When positioning elements by default, you’re using dp. This means the iPhone 8 is 360 wide, as well as a lot of the popular Android devices.

However, when using 2dmatrix and touch events the positions weren’t (always) defined with this in mind, and you’d had to translate this manually by using the DisplayCaps object. Starting in Titanium SDK 8.0 this is no longer the case, as it will use the default configured in tiapp as it should have from the start.

So how do you prepare your code for this? Well that is a little bit more complicated as numbers will change from one SDK to the other. So, unlike our other examples you cannot prepare code for it in that perspective. However, you could check for SDK version using Ti.Version and match if it is version 8 or higher, at which case no more calculating is needed and you can just stick with the numbers that are coming through.

All you need is a simple if/else statement, and this won’t make you forget about it either. It’ll automatically switch over for you in case you forgot this change was going to be there, and whenever you really aren’t going to use an SDK lower than 8, you can just remove the if/else statement again.

blob.imageAs

Image blobs have a couple imageAs methods where you can manipulate the images.
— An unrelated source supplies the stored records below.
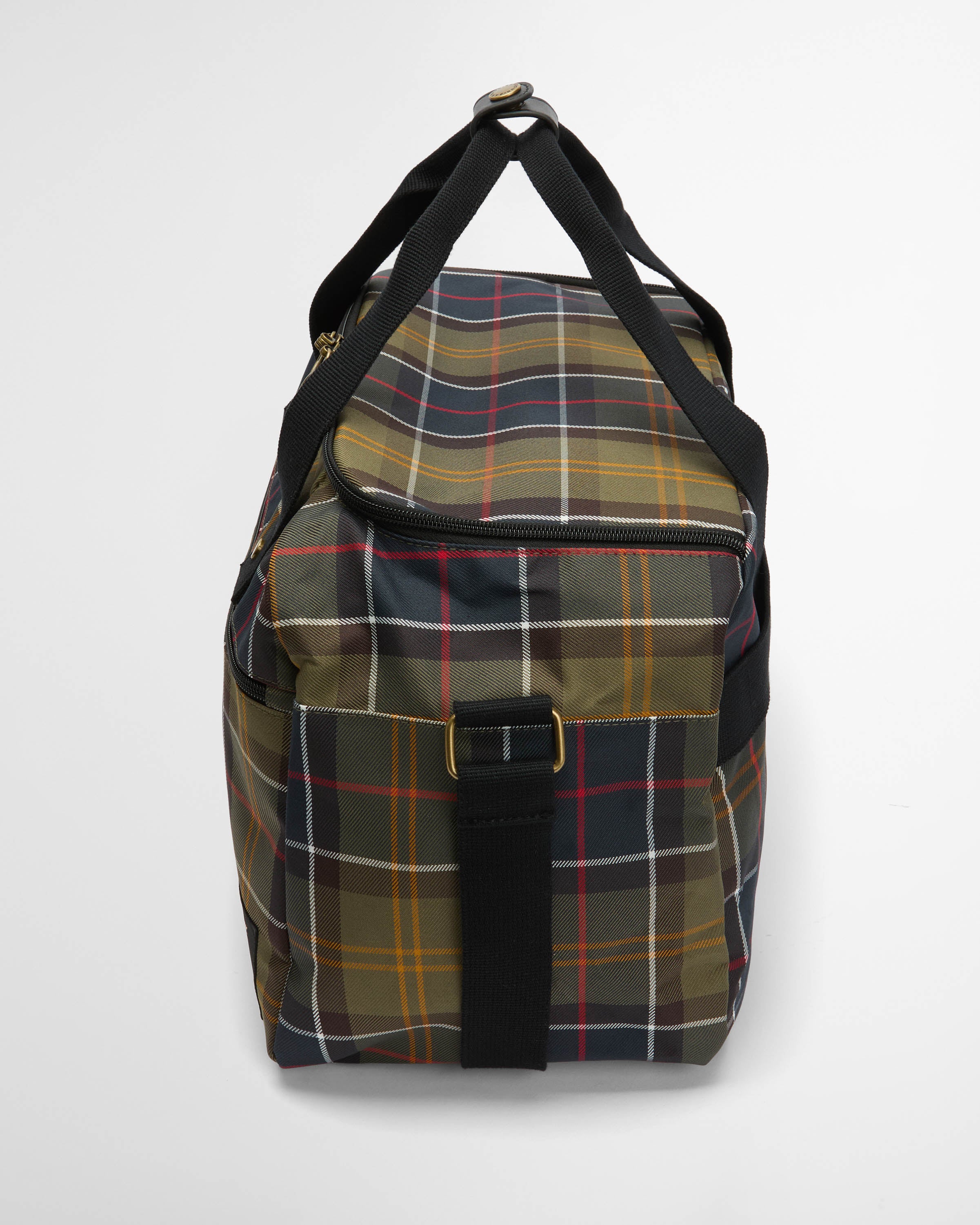Barbour Torridon Unisex Tartan Flight Bag - Classic Tartan - Image 7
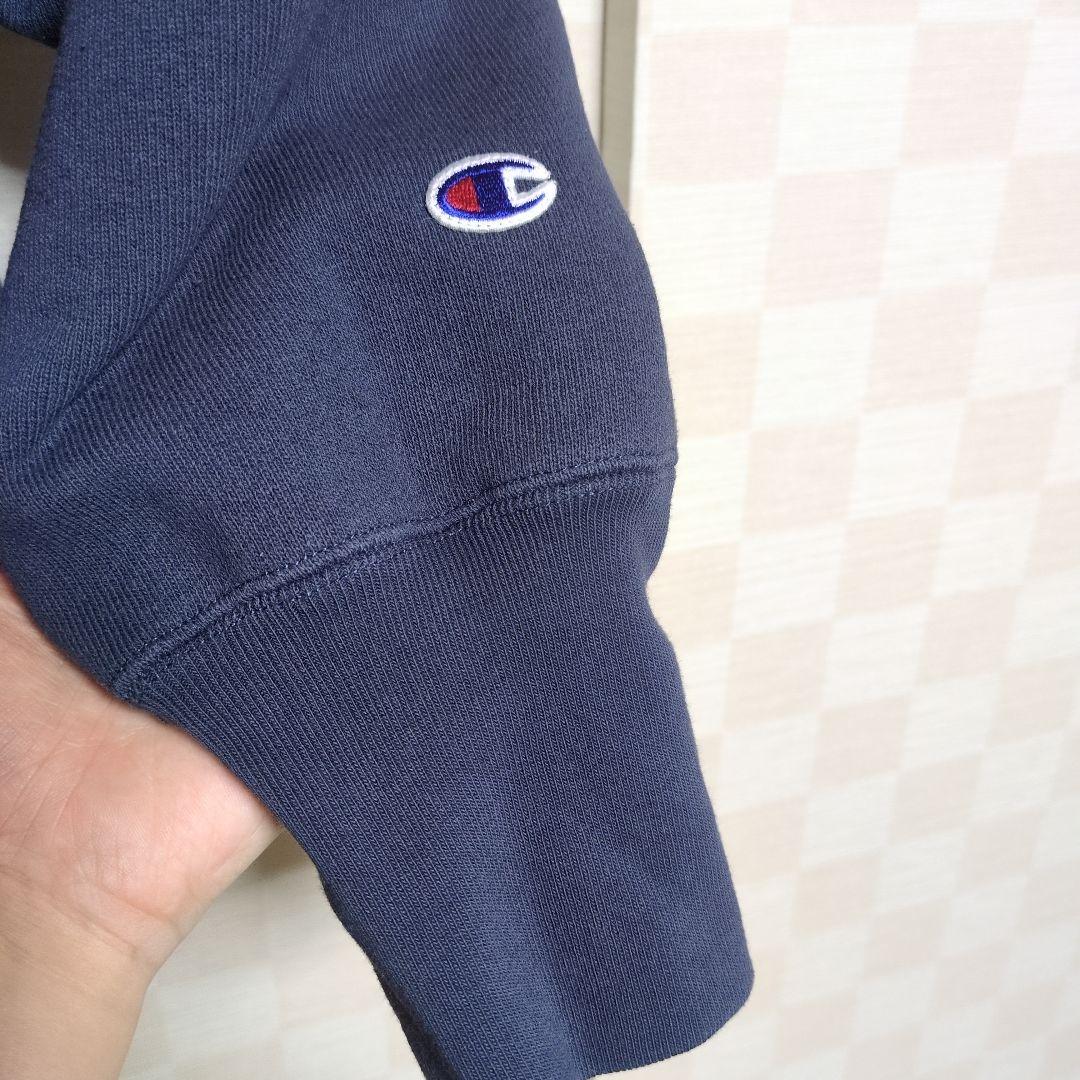 ジャーナルスタンダード　Champion ネイビー スウェット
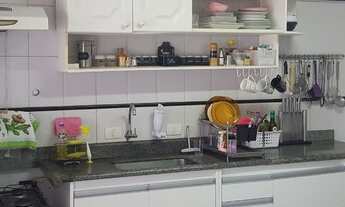 Imagem 4: Apartamento para venda possui 88 metros quadrados com 2 quartos em Vila Mathias - Santos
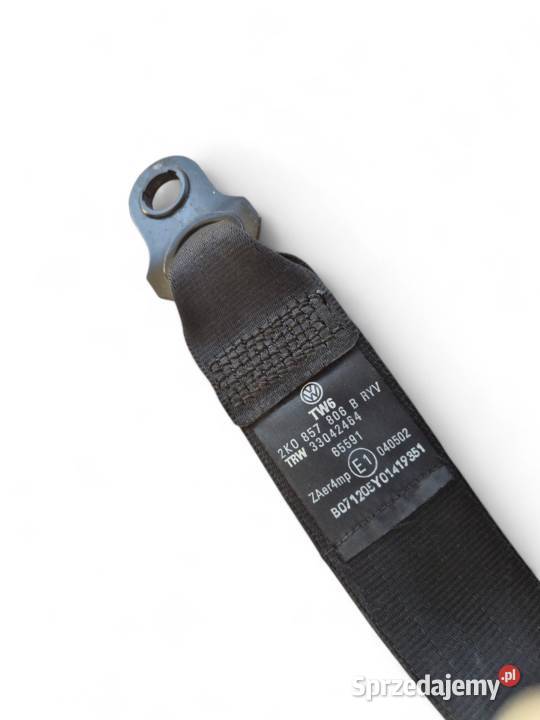 PAS BEZPIECZEŃSTWA PRZÓD PRAWY PASAŻERA VW CADDY świętokrzyskie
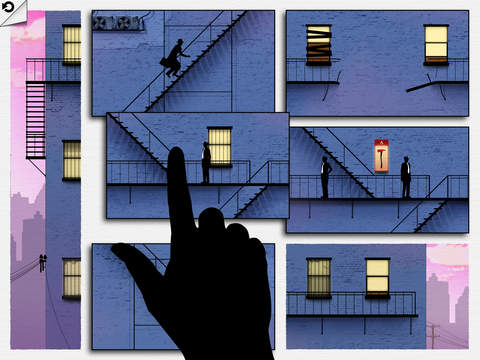 Скриншот из игры FRAMED - 9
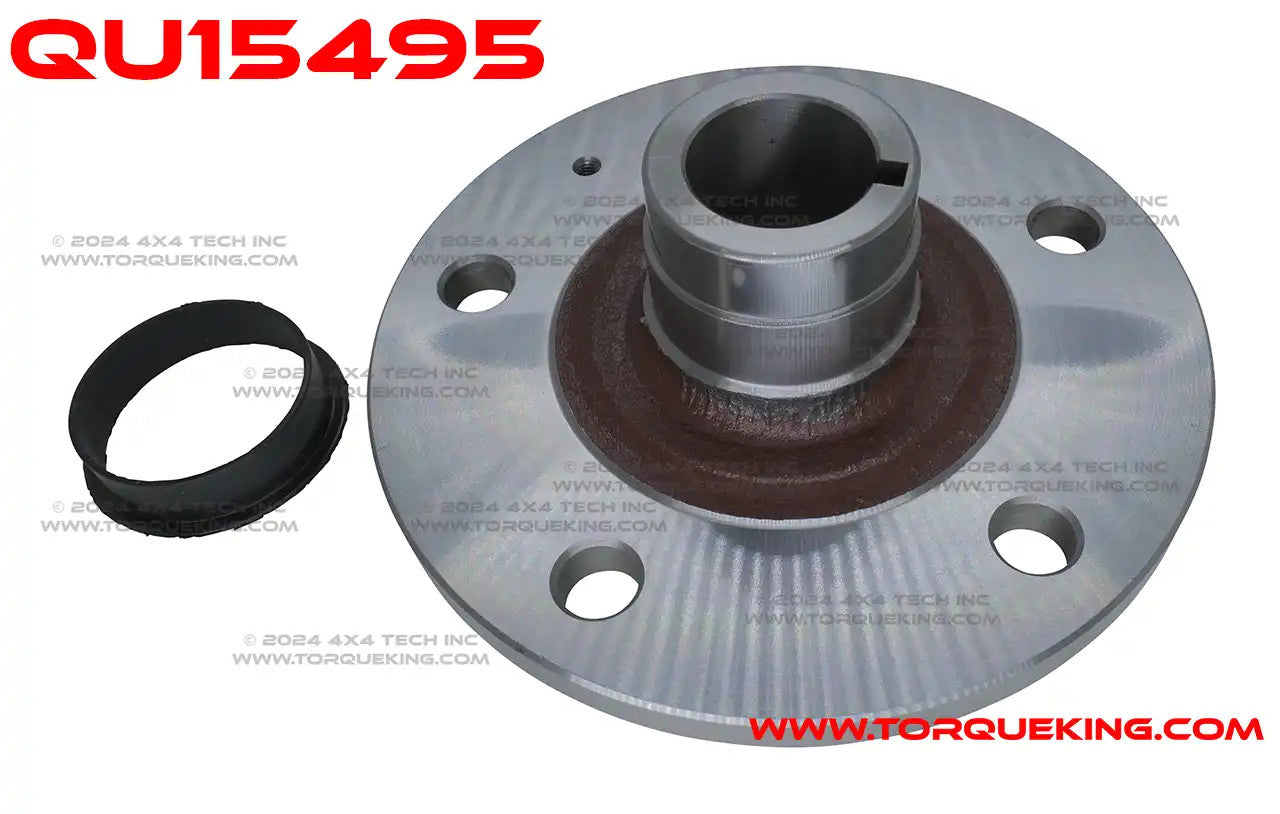 QU15495 Roxor Rear Hub
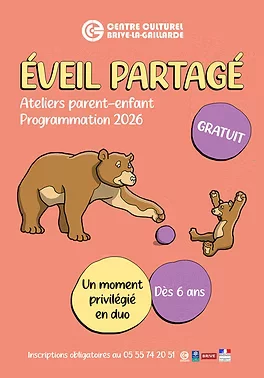 Atelier parent-enfant Yoga (Centre Culturel)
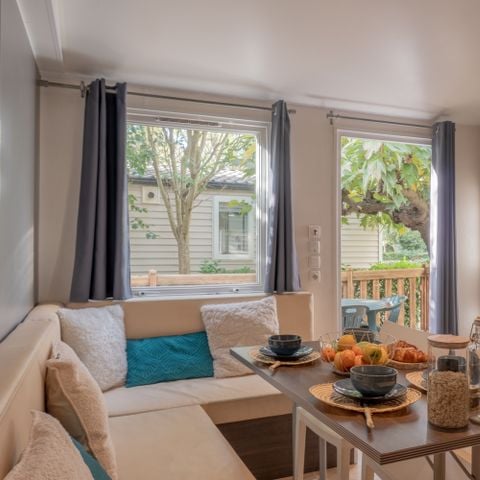 BUNGALOW 6 personnes - "CONFORT" - 2 CHAMBRES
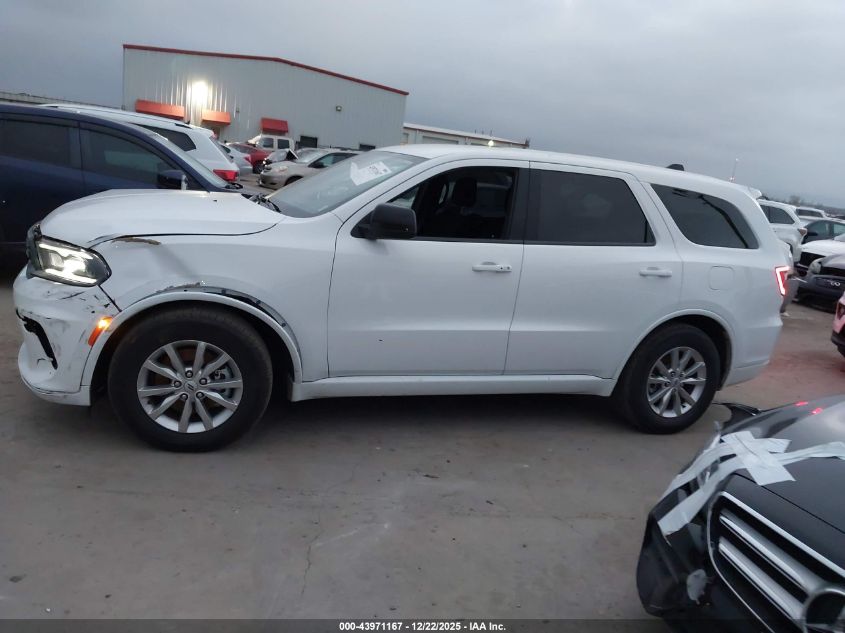 2025 Dodge Durango Gt Rwd VIN: 1C4RDHDG2SC540601 Lot: 43971167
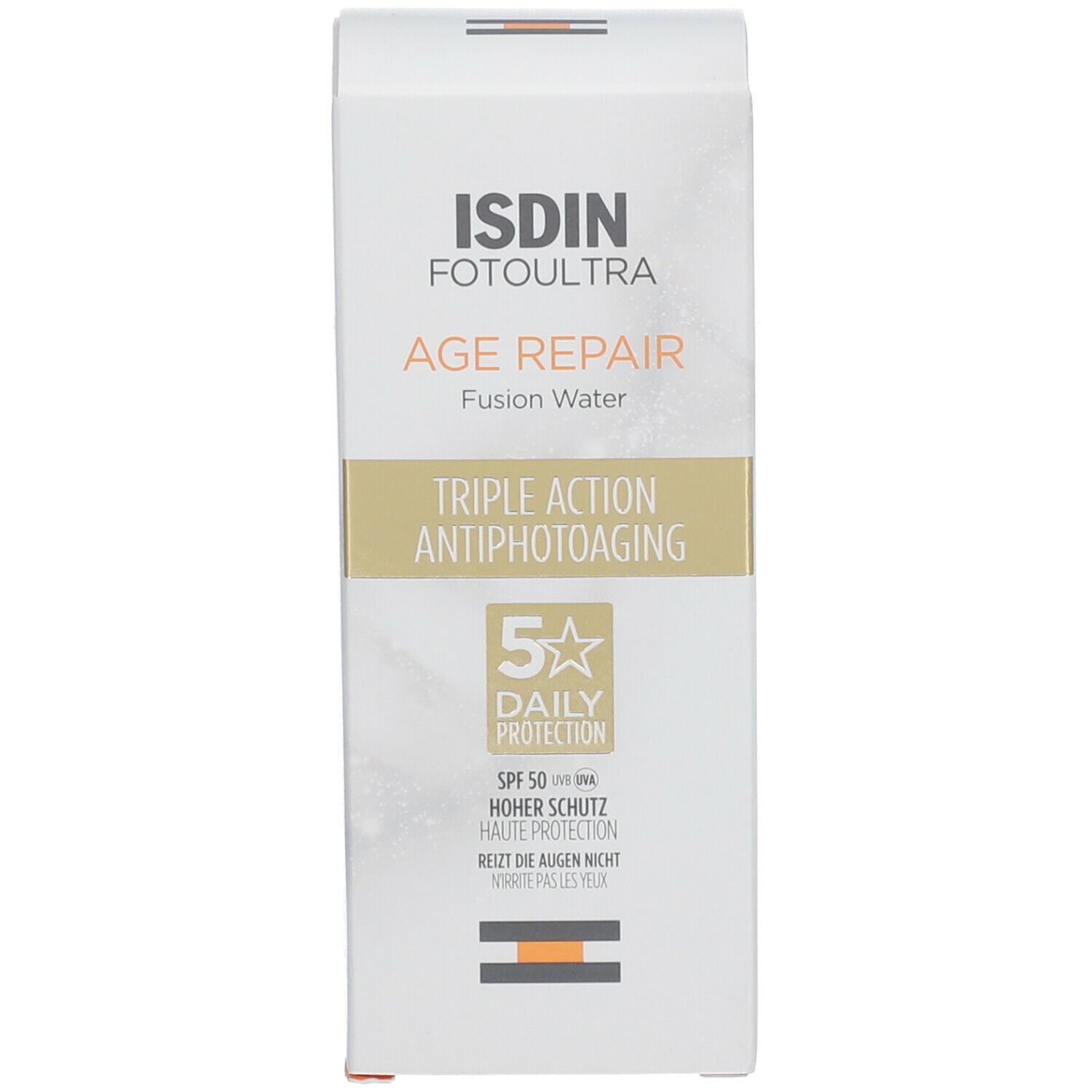 ISDIN FOTOULTRA ISDIN Age Repair Sonnenschutz für das Gesicht LSF 50 zur Vorbeugung lichtbedinger Hautalterung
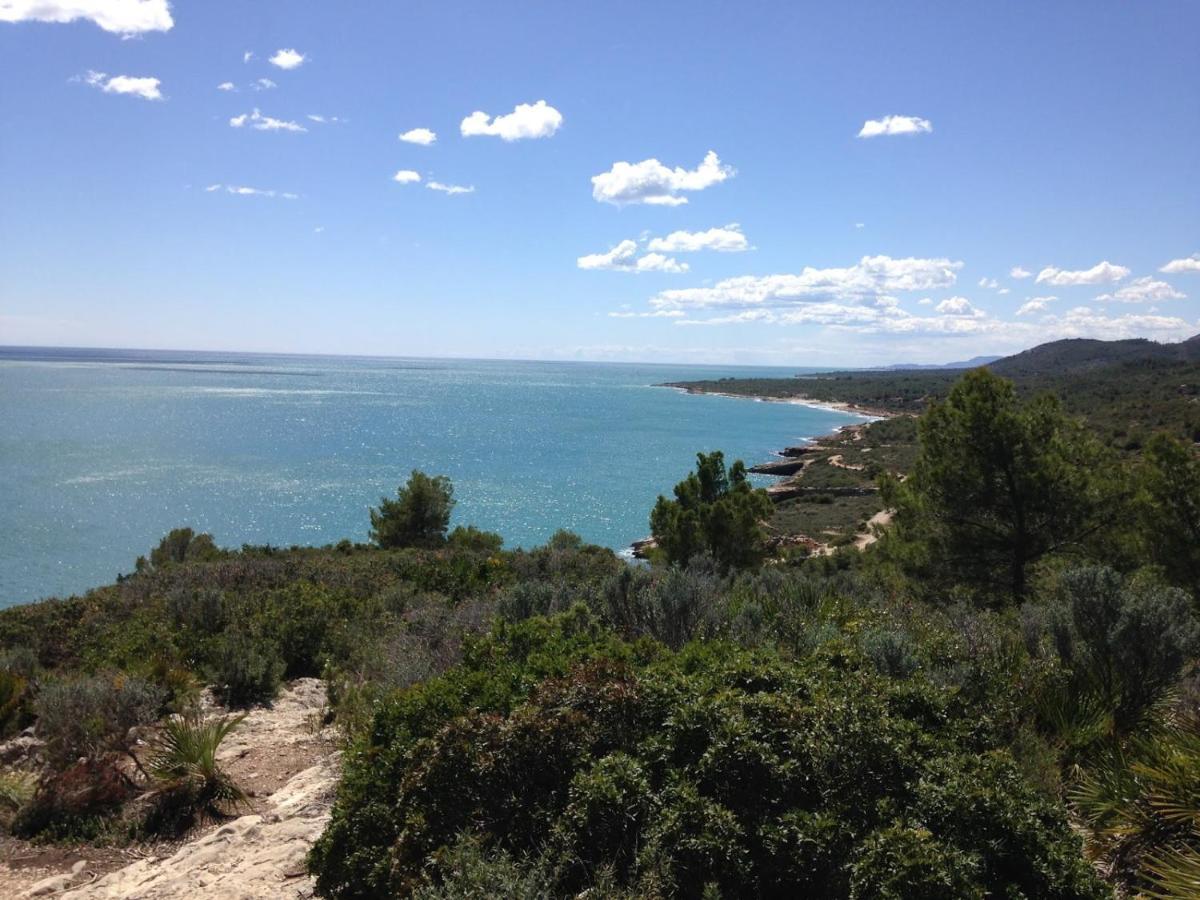 Apartamento Dos Terrazas, Vistas Al Mar. Piscina Peñíscola Esterno foto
Some of these, all related to borders, will change slightly. Previously the behaviour was inconsistent cross platform, starting in Titanium SDK 8.0 this will change so that the borders will be added to the image instead of cropping out the existing image.

Affected methods are imageAsThumbnail, imageWithRoundedCorner and imageWithTransparentBorder.

As with the x & y coordinates, there isn’t really something you can do to prepare your code as the final result is actually different with the same methods. However, yet again I’d recommend adding a Ti.Version check right now already if you’re using these methods and rely on the image size on output.

Smaller changes

These changes are smaller, but might impact some of the apps. Have a look at this list, and then at your code to make sure you aren’t using anything. Some of these already trigger errors when you use them now, some don’t.

  • Ti.Yahoo is being removed
  • Some Ti.UI.KEYBOARD_* constants will be removed (triggers warnings already now, because they’re already deprecated).
  • iOS minimum deployment target is iOS 9. But since most of you target 9/10 or higher this shouldn’t impact too much. However, if you still target iOS 8 you should be aware of this.

Conclusion

Most breaking changes are easy to get ahead of. Some require a little bit of work but shouldn’t be to difficult. As with everything, if you encounter bugs in the SDK create a JIRA ticket. If you encounter other issues or have questions, jump onto the Slack community.